• [Task details]:
Output all of the data exactly as it appears, but leave out any pictures it contains.

• [Given material]:
------------------------------------

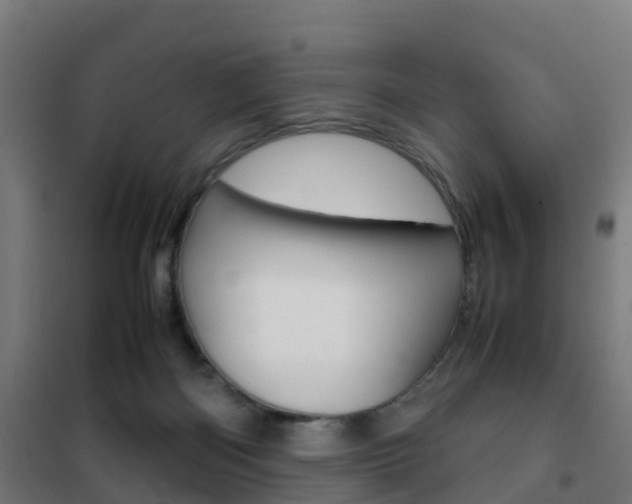 X0000102250122200807250910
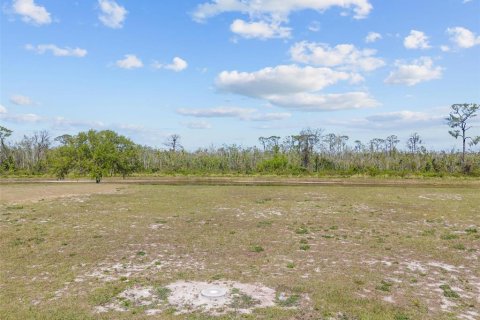 Terrain à vendre à Auburndale, Floride № 1593218 - photo 3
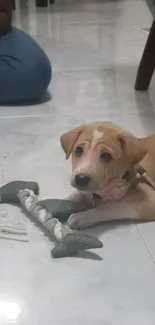 Cute puppy lying on tiled floor with toy in mouth.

------------------------------------

• [Written solution]:
 X0000102250122200807250910
 Terrain à vendre à Auburndale, Floride № 1593218 - photo 3
 Cute puppy lying on tiled floor with toy in mouth.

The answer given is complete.